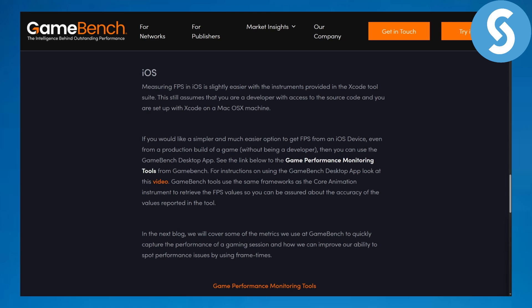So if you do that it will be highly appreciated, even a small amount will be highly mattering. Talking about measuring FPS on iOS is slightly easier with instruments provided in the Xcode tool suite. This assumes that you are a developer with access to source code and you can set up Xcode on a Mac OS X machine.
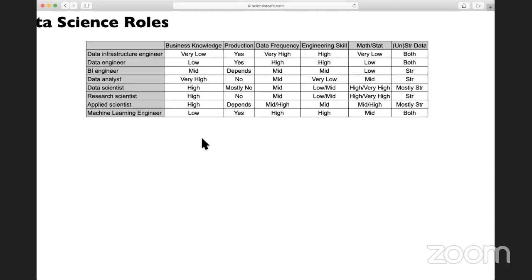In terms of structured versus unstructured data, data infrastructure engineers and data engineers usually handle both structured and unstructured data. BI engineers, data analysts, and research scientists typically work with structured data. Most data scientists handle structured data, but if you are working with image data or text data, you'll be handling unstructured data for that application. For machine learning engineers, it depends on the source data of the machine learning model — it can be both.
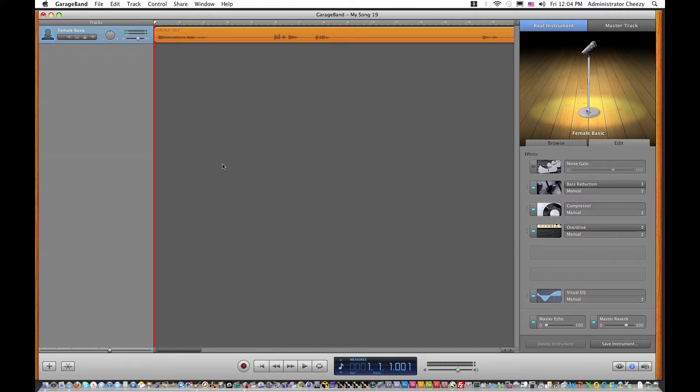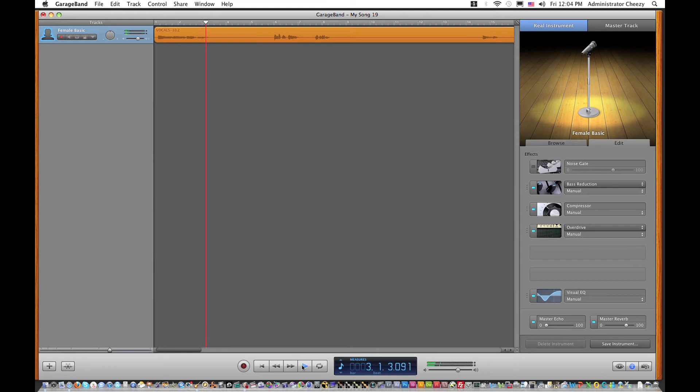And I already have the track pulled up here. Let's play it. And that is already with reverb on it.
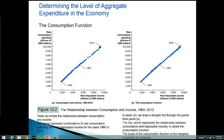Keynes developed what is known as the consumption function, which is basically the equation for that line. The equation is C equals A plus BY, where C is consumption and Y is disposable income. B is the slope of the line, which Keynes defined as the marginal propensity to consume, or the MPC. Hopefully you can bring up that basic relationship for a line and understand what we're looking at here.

*Task description*. The required output is the span of lines from the line with "And I already" through the final line of the listing above, reproduced exactly, minus the pictures.

*Exercise response*.
And I already have the track pulled up here. Let's play it. And that is already with reverb on it.
Keynes developed what is known as the consumption function, which is basically the equation for that line. The equation is C equals A plus BY, where C is consumption and Y is disposable income. B is the slope of the line, which Keynes defined as the marginal propensity to consume, or the MPC. Hopefully you can bring up that basic relationship for a line and understand what we're looking at here.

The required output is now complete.